REQUIRED ACTION: For this exercise, repeat the records below exactly and omit every picture.

Dataset entries:
==================================================
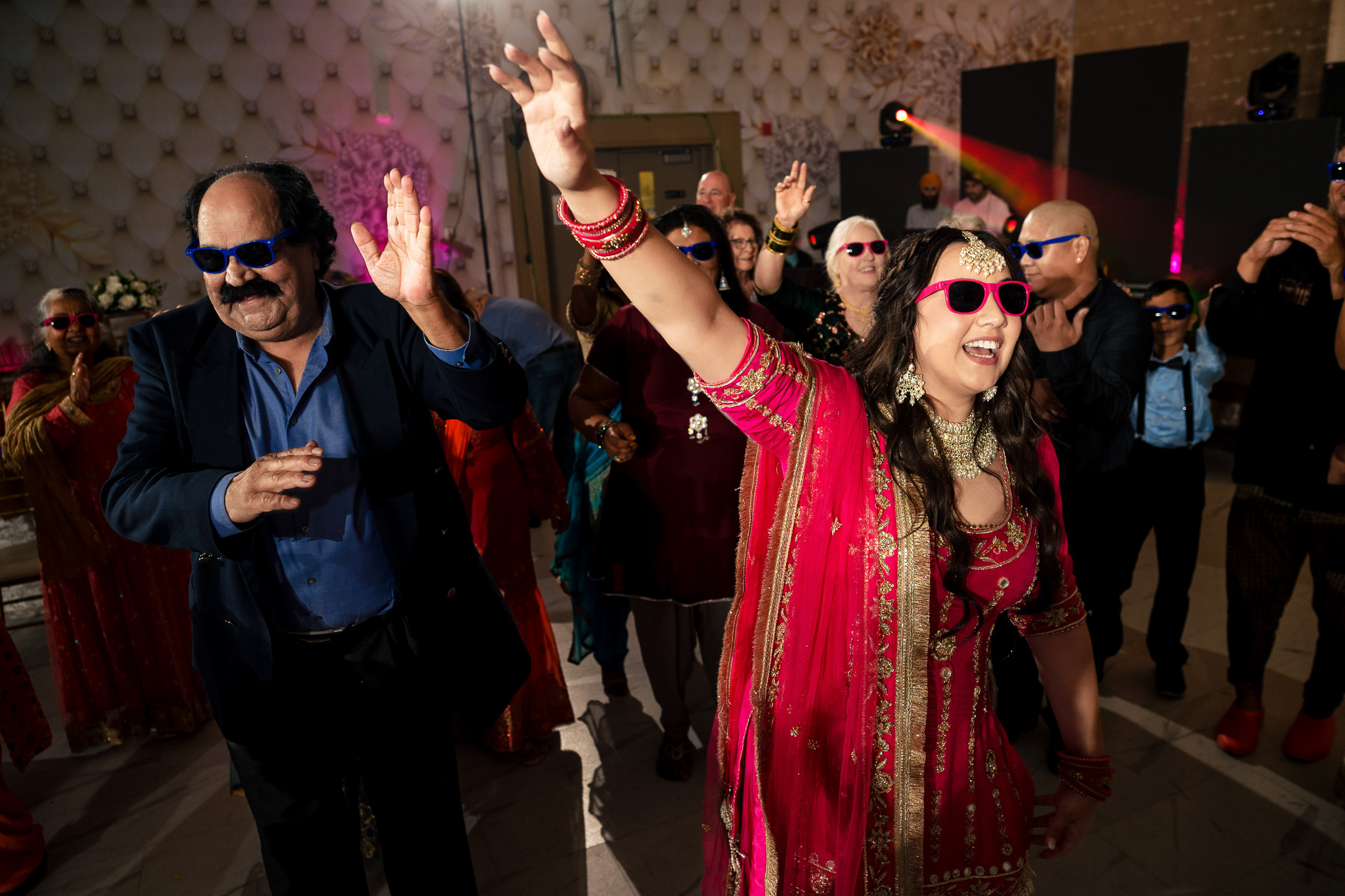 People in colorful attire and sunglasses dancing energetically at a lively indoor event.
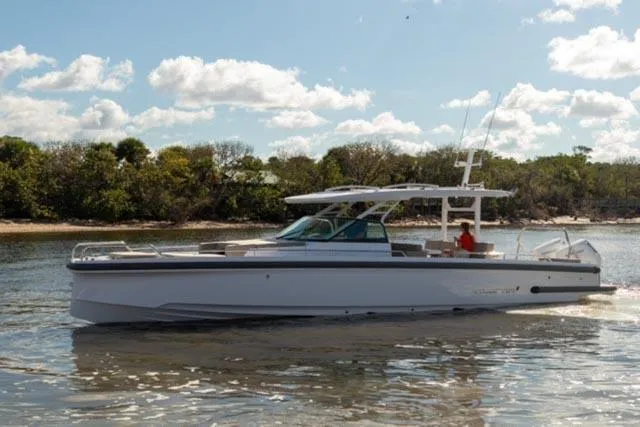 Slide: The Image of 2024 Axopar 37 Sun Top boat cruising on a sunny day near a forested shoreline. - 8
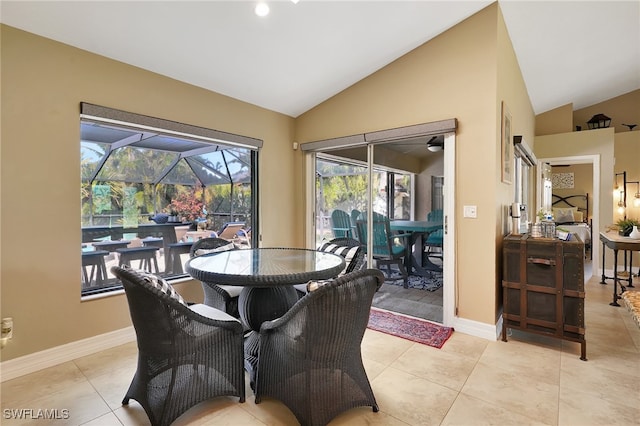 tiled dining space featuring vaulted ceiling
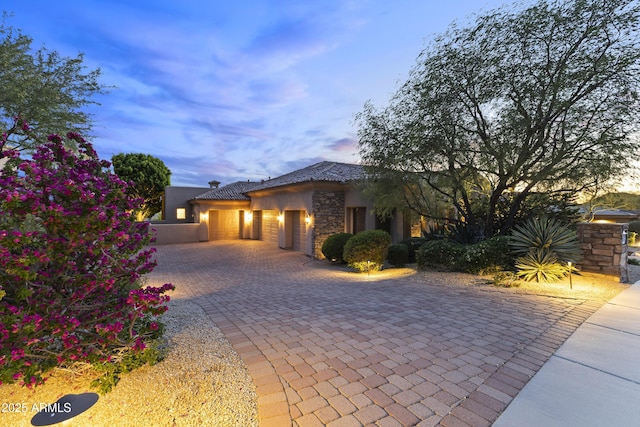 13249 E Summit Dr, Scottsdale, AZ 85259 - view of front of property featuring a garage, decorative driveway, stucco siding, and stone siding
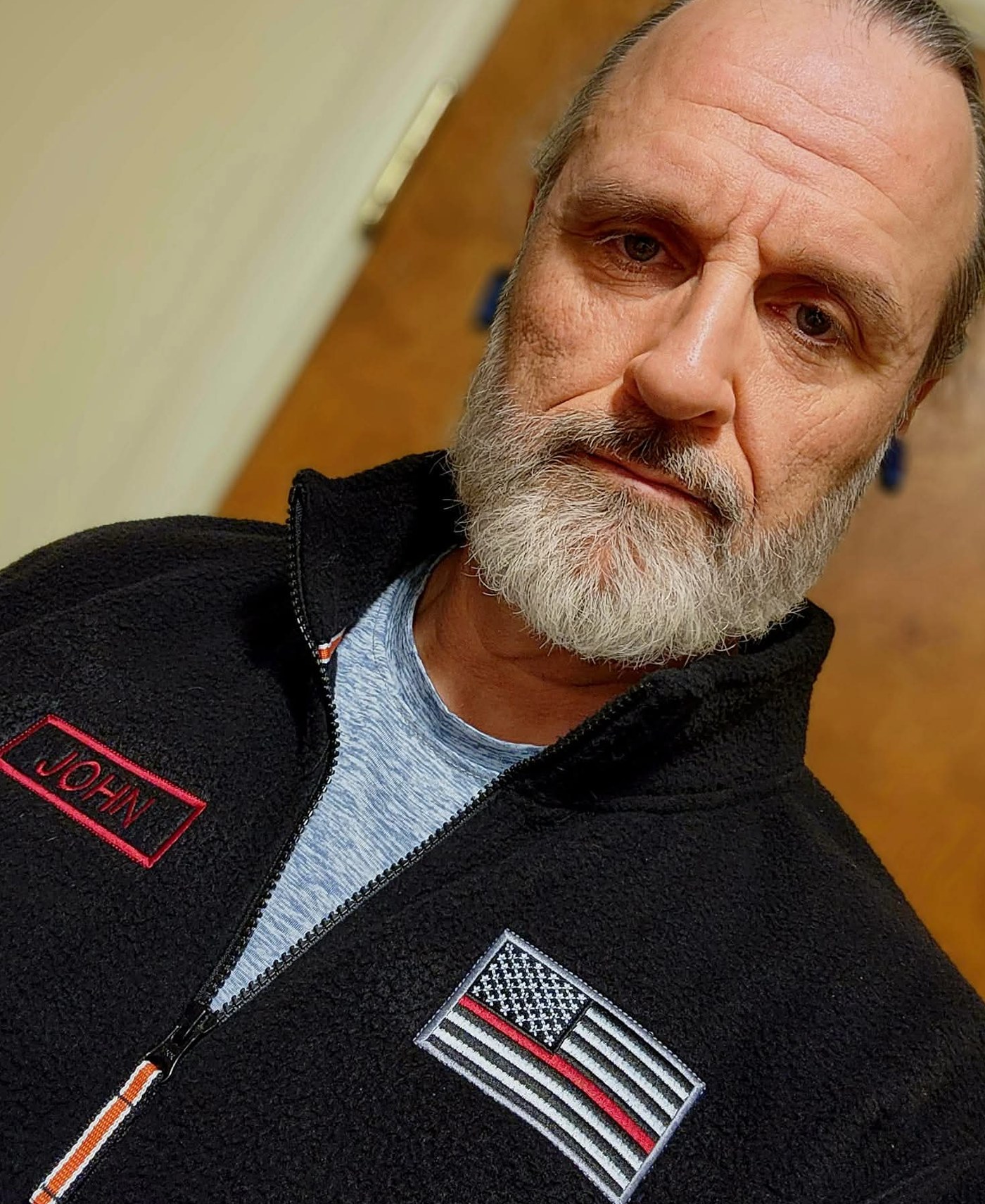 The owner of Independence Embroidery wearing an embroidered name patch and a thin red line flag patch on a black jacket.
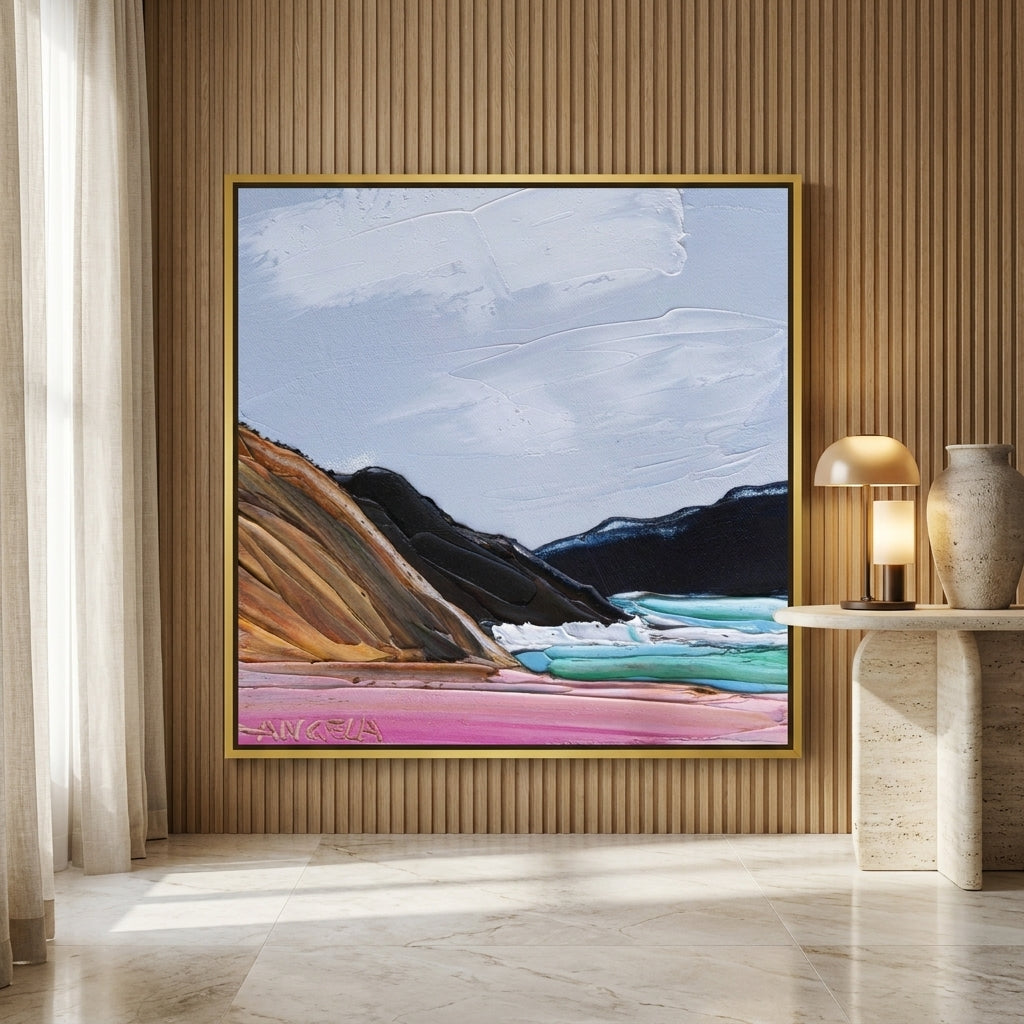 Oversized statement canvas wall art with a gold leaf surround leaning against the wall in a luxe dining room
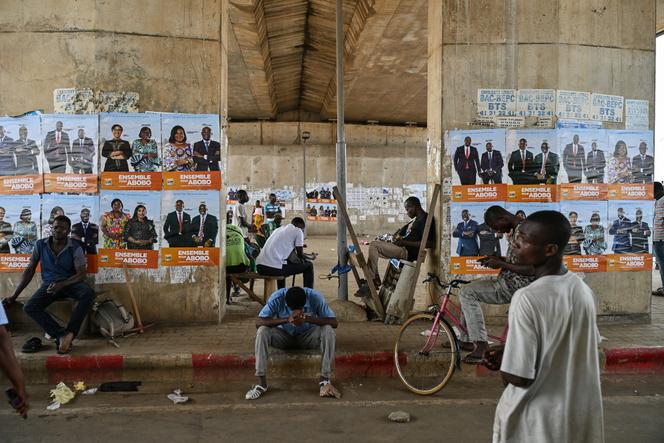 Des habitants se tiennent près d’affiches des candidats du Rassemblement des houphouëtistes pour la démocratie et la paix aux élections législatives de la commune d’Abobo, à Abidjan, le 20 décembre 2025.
==================================================
REPLY:
 People in colorful attire and sunglasses dancing energetically at a lively indoor event.
 Slide: The Image of 2024 Axopar 37 Sun Top boat cruising on a sunny day near a forested shoreline. - 8
 tiled dining space featuring vaulted ceiling
 13249 E Summit Dr, Scottsdale, AZ 85259 - view of front of property featuring a garage, decorative driveway, stucco siding, and stone siding
 The owner of Independence Embroidery wearing an embroidered name patch and a thin red line flag patch on a black jacket.
 Oversized statement canvas wall art with a gold leaf surround leaning against the wall in a luxe dining room
 Des habitants se tiennent près d’affiches des candidats du Rassemblement des houphouëtistes pour la démocratie et la paix aux élections législatives de la commune d’Abobo, à Abidjan, le 20 décembre 2025.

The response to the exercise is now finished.